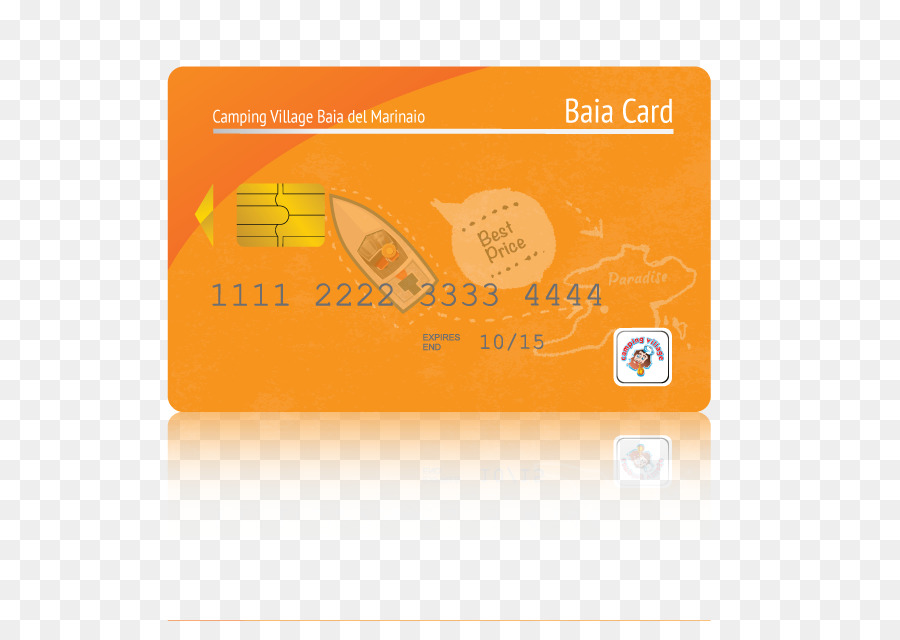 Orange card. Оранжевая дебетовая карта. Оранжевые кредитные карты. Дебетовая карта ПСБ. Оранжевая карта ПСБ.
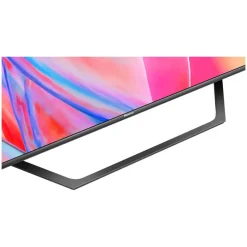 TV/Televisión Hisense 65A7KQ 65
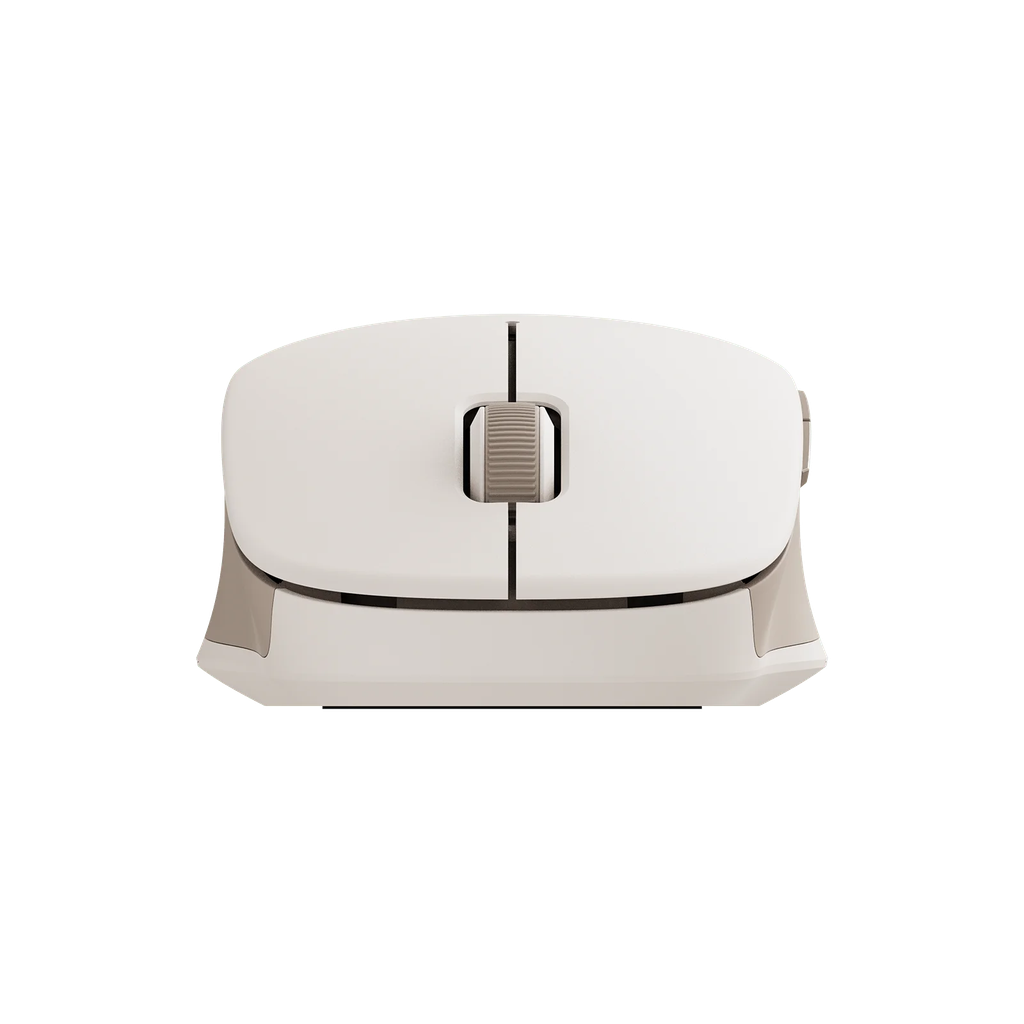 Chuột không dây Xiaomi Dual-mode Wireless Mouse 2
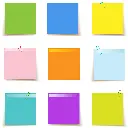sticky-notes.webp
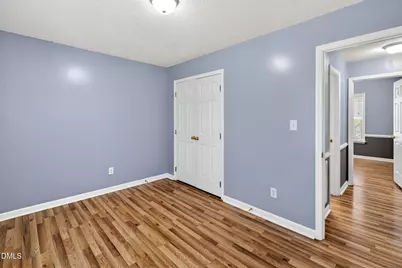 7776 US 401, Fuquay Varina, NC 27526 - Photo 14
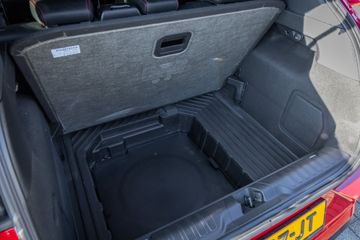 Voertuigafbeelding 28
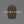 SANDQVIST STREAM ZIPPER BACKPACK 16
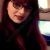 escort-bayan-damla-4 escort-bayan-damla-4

(WORK TO COMPLETE)
Reproduce all of the entries word for word, skipping any pictures they hold.

(WRITTEN SOLUTION)
 Orange card. Оранжевая дебетовая карта. Оранжевые кредитные карты. Дебетовая карта ПСБ. Оранжевая карта ПСБ.
 TV/Televisión Hisense 65A7KQ 65
 Chuột không dây Xiaomi Dual-mode Wireless Mouse 2
sticky-notes.webp
 7776 US 401, Fuquay Varina, NC 27526 - Photo 14
 Voertuigafbeelding 28
 SANDQVIST STREAM ZIPPER BACKPACK 16
 escort-bayan-damla-4 escort-bayan-damla-4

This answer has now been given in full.